Even more generally it seems like this could be used for a fast path of various IDE functionality we have today, ie. for cases where full typechecking isn't actually needed (eg. jump to definition/rename for local variables).

One aspect that might be interesting to look into is the performance of SwiftLexicalLookup vs ASTScope. Have you noticed any differences between the two in your integration testing?

MAJKFL · November 15, 2024, 9:52pm

Thank you so much @bnbarham!

Yes, I also think it could be great to use SwiftLexicalLookup with some existing functionality as it’s just a simple, stateless API. As soon as I find some time, I will try to experiment with sourcekit-lsp. :)

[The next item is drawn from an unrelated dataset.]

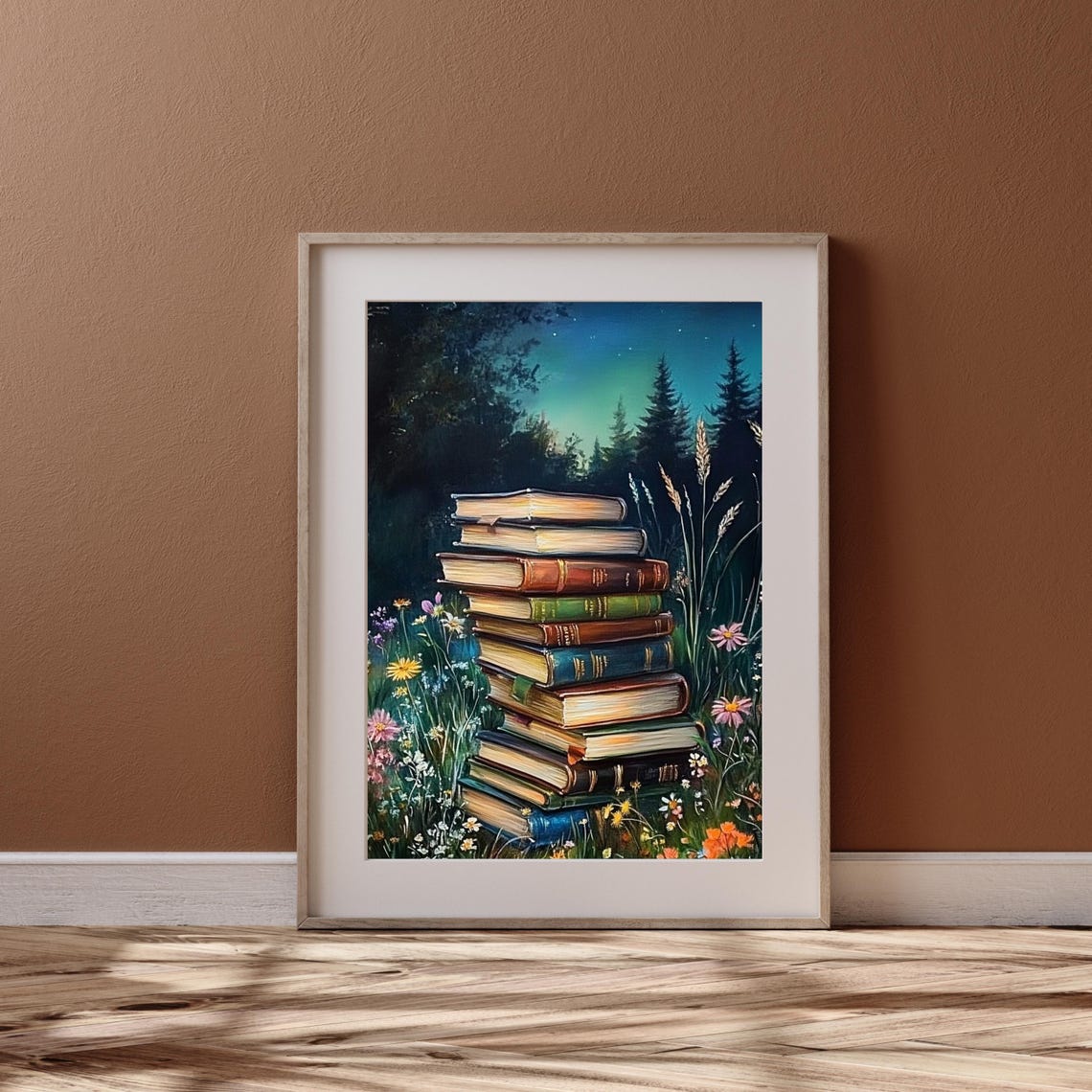 Stack of Old Books in a Moonlit Meadow Enchanted Night Poster - Image 5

It’s a bit tricky to compare the performance just yet, specifically because in order to use SwiftLexicalLookup in the compiler, we need to parse the source twice. Besides that, I also have a suspicion the performance of lookup itself could be a bit worse when compared to ASTScope, but I hope it won’t be a big issue especially since qualified lookup will still significantly outweigh the cost of performing unqualified lookup.

Additionally, once the old parser is fully replaced by the new implementation (which I hope SLL will help to accelerate), that would remove a significant overhead. I hope it would be also relatively easy to employ some clever caching and do some optimizations in the current implementation once we have a strong suite of tests to integrate those changes and not break the library in the process.